The availability of reliable spatial and temporal data at proper spatial and temporal scale about extreme weather events represents a pivotal challenge for supporting Disaster Risk Reduction (DRR) policy and practice. In recent years several gridded observational datasets have been developed for Europe and for specific European countries; these products feature different temporal (from hourly to daily) and spatial (from ≃ 1 km to ≃ 10–20 km) resolutions, covering different time spans, and their reliability is strictly related to the density of station networks from which they derive.

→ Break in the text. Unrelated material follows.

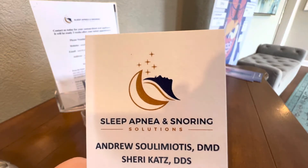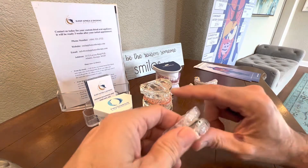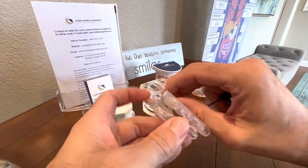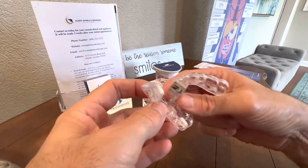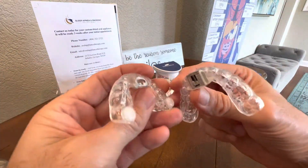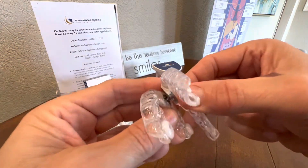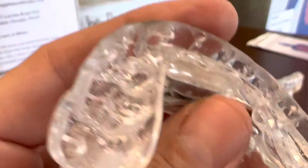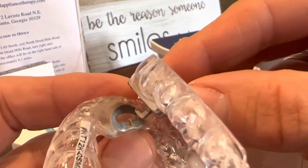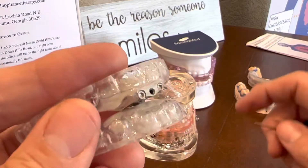Hi, I'm Dr. Andrew Sulamiyotis and we're going to talk about how we adjust or titrate a TAP device, or some refer to them as a TAP 3 device. If you have one of these devices, which basically has an anterior hook or a front hook, they'll look like this. These are on your top teeth and the way you engage them, you're going to hook them on the front just like so. The hook on the top teeth is engaged into that little slot or groove and you're going to bite into it and wear them, so they're going to hold your jaw forward.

A potential alternative solution to ensure homogeneity and continuity of data is represented by the use of climate reanalysis. In general, a climate reanalysis delivers a complete and consistent picture of the weather and climate of the past as close to reality as possible, by adopting a numerical weather prediction model to assimilate historical observations provided by different sources (satellite, in situ, etc) but not homogeneously distributed around the globe.
The data produced by the reanalysis are widely used and provide many kinds of information, not only about the atmosphere, such as temperature, wind and precipitation, but also about the ocean and the land surface.
Recently, the European Centre for Medium Range Weather Forecast (ECMWF) has released a new generation of reanalysis, acknowledged as ERA5, representing nowadays the most plausible description for current climate. It has a global coverage with a spatial resolution of ≃ 31 km and provide outputs at hourly scale since 1950 up to now. Such features make ERA5 suitable for a wide range of applications such as analyzing the past climate, monitoring climate change, research, education, policy making and business, in sectors such as renewable energy and agriculture. Despite the authoritative relevance of ERA5, its coarse resolution could prevent a reliable adoption for characterizing localized events (e. g., extreme precipitation) especially in complex areas (e.g., mountain or urban environments), confirming the need for highly localized data.
Based on this state-of-the-art, a study recently published on Weather and Climate Extremes led by the CMCC Foundation present a new hourly high-resolution (i.e., at ≃2.2 km) precipitation dataset, labelled as ERA5@2km, obtained by dynamically downscaling ERA5 reanalysis over 20 European cities for the recent past thirty years (1989–2018), with the ambition support the Disaster Risk Reduction (DRR) community involved in pluvial flood risk assessment by providing a basis for impact analysis at city scale, in terms of extreme hourly precipitation.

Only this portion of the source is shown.